Here is the comparison in one table:
| Question | Skill | MCP server | Script / automation |
|---|---|---|---|
| What it provides | Knowledge and instructions | Live access to external systems | Deterministic execution |
| Idle token cost | ~20–100 tokens (name + description) | Full tool schemas, every session | Zero — only output enters context |
| Best for | Style guides, checklists, converted documents | Real-time data, OAuth, fast-changing APIs | Repetitive, rule-based work |
| Maintenance | You update the markdown | Provider updates the server | You update the code |
| Weakness | Goes stale silently | Standing context overhead | No judgment — needs exact rules |
Start every new integration at the right-hand column and move left only when you need to. Scripts first, skills for knowledge, MCP for access. Your context window will thank you.
Skills vs MCP is not really a war — it is a sorting problem. Knowledge goes into skills, access goes through MCP, oversized documentation goes behind retrieval, and the routine work should leave the context window altogether and live in scripts. Take one document you keep pasting into your AI conversations and convert it to a skill this week; the token math will make the rest of the argument for you.
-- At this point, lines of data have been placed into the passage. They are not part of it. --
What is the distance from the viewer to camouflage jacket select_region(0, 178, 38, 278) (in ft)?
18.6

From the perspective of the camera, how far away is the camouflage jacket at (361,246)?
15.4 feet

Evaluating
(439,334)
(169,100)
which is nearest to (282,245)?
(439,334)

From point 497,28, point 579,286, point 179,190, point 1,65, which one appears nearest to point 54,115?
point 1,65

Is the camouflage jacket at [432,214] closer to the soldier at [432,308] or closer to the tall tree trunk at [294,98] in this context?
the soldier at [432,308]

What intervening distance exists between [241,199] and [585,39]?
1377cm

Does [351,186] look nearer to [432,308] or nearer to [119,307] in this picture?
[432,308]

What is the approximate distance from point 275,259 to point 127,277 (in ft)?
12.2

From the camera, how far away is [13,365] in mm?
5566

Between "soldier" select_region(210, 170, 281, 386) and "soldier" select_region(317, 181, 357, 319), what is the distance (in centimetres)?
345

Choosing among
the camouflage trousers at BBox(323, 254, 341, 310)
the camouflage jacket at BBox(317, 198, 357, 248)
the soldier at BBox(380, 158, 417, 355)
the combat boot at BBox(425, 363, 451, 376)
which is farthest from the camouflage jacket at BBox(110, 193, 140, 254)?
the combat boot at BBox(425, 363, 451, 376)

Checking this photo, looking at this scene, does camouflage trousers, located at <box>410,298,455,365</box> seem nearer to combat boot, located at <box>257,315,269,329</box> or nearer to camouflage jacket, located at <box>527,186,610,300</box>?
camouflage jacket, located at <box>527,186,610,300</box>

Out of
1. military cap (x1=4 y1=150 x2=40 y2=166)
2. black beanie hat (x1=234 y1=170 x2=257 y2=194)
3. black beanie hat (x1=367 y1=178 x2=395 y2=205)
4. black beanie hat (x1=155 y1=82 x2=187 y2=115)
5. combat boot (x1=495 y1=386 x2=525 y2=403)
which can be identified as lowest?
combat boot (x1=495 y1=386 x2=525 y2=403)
Frequently Asked Questions
Do skills use fewer tokens than MCP?
Skills use fewer tokens than MCP in most setups because they load progressively. Only a skill’s name and short description sit in context by default, while MCP tool definitions and schemas load at session start. The full skill content loads only when the agent actually needs it for the current task.
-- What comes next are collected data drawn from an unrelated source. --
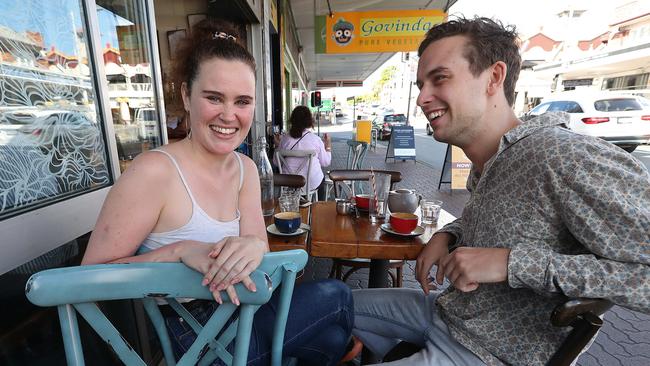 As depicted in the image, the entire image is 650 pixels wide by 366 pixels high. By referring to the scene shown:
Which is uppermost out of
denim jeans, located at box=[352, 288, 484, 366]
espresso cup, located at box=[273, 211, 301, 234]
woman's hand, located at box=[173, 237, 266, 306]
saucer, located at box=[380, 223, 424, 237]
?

Can skills replace MCP servers completely?
Skills can replace MCP servers only when no live connection is needed. Static knowledge — instructions, templates, documented API usage — works well as a skill. Anything requiring real-time data, authentication, or actions on an external service still needs MCP or a script with proper credentials.
What is progressive disclosure in AI agents?
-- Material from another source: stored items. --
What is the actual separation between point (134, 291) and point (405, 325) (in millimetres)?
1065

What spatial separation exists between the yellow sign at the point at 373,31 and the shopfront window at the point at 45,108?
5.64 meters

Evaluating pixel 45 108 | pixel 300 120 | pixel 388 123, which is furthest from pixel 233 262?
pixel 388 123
Progressive disclosure is a loading pattern where an AI agent sees only a short summary of available capabilities and pulls in full detail on demand. It keeps the context window lean, because unused instructions never consume more than their one-line description.
How do I convert a document into a skill?
Converting a document into a skill means restructuring it as a markdown file with a name, a one-line trigger description, and the instructions as the body. Trim anything the model already knows, keep the trigger description specific, and bundle scripts for any deterministic steps the document describes.
Should I use a skill or a RAG-based MCP for documentation?
A skill is better for documentation you author and can keep small — guidelines, checklists, and curated how-tos where the agent must see every word. A RAG-based MCP wins when the documentation runs to hundreds of pages and each task needs only a small slice. Retrieval returns just the relevant passages, and its vector layer matches questions by meaning rather than exact wording, so token cost stays flat as the docs grow.
When should I use a script instead of a skill or MCP?
A script is the right choice whenever the task is deterministic — the same input should always produce the same output. File conversions, validation, data filtering, and formatting are script territory. It costs zero context tokens while running; only the output the agent reads counts.